Santos Henrique, Mulvehill Alice M, Shen Ke, Kejriwal Mayank, McGuinness Deborah L
Rensselaer Polytechnic Institute 110 8th St., Troy, NY 12180, USA.
University of Southern California 4676 Admiralty Way, Suite 1001 Marina del Rey CA, 90292, USA.
Data Brief. 2023 Oct 11;51:109666. doi: 10.1016/j.dib.2023.109666. eCollection 2023 Dec.
Machine Common Sense Reasoning is the subfield of Artificial Intelligence that aims to enable machines to behave or make decisions similarly to humans in everyday and ordinary situations. To measure progress, benchmarks in the form of question-answering datasets have been developed and published in the community to evaluate machine commonsense models, including large language models. We describe the individual label data produced by six human annotators originally used in computing ground truth for the Theoretically-Grounded Commonsense Reasoning (TG-CSR) benchmark's composing datasets. According to a set of instructions, annotators were provided with spreadsheets containing the original TG-CSR prompts and asked to insert labels in specific spreadsheet cells during annotation sessions. TG-CSR data is organized in JSON files, individual raw label data in a spreadsheet file, and individual normalized label data in JSONL files. The release of individual labels can enable the analysis of the labeling process itself, including studies of noise and consistency across annotators.
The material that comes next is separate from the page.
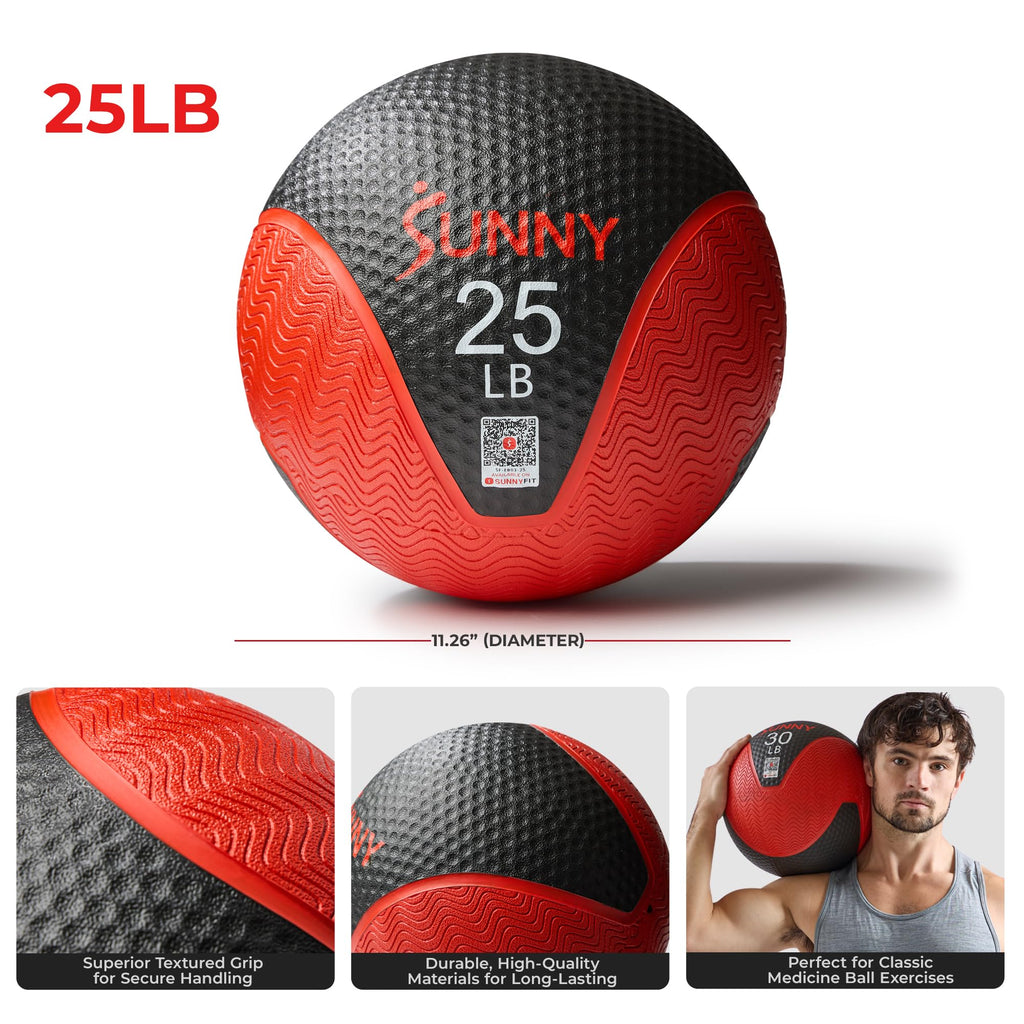 Sunny Health & Fitness Medicine Ball, Textured Rubber, Core Strength & Balance Training, Bouncing, Weight for Home Workouts 4,6,8,10,12,15,20,25,30LB Options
机器常识推理是人工智能的一个子领域,旨在使机器在日常和普通情况下的行为或决策方式与人类相似。为了衡量进展,以问答数据集形式的基准已经在社区中开发并发布,用于评估机器常识模型,包括大语言模型。我们描述了最初用于计算理论基础常识推理(TG-CSR)基准组成数据集的地面真值的六名人类注释者产生的个体标签数据。根据一组说明,向注释者提供了包含原始TG-CSR提示的电子表格,并要求他们在注释会话期间在特定的电子表格单元格中插入标签。TG-CSR数据以JSON文件形式组织,个体原始标签数据存储在电子表格文件中,个体标准化标签数据存储在JSONL文件中。个体标签的发布可以对标签过程本身进行分析,包括对注释者之间的噪声和一致性的研究。